**What to produce**
Exactly as written, copy every line from the one containing "Hoya 82mm Polarize Filtre" through the end of the records, with the pictures left out.

Short descriptive text snippets:
<<<<
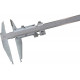 Штангенциркуль SHAN ШЦ-2- 630 0.05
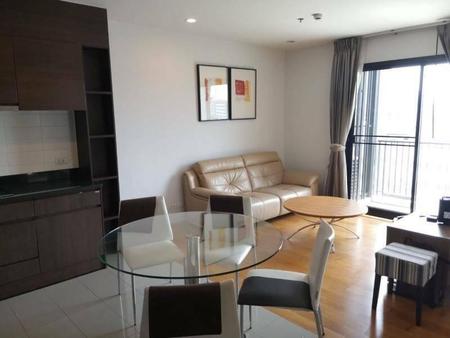 ��¾��� �� incube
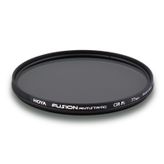 Hoya 82mm Polarize Filtre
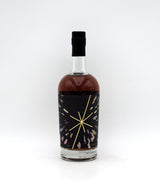 Starward 'Vitalis' Single Malt Whisky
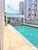 Apartamento, 2 quartos, 48 m² - Foto 4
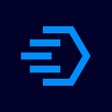 プログラムのアイコン：Symphony Secure Communica…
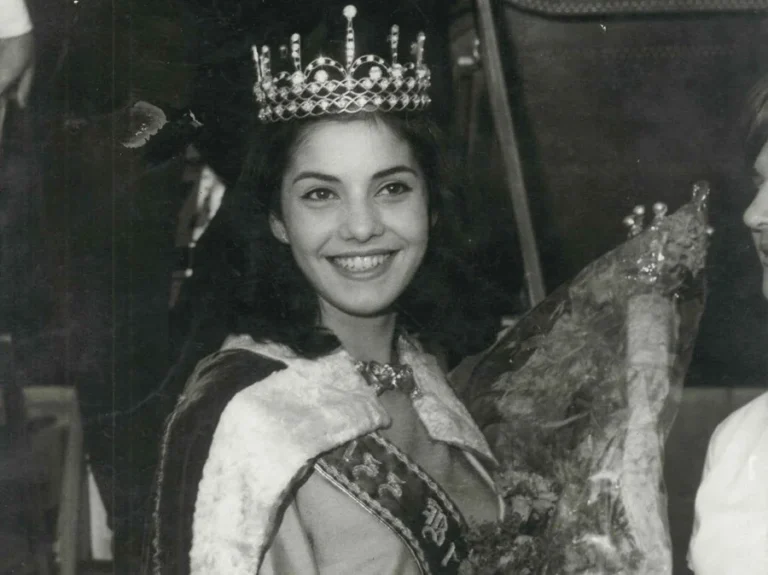 Maria Ieda Vargas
>>>>
**Result of the task**
 Hoya 82mm Polarize Filtre
 Starward 'Vitalis' Single Malt Whisky
 Apartamento, 2 quartos, 48 m² - Foto 4
 プログラムのアイコン：Symphony Secure Communica…
 Maria Ieda Vargas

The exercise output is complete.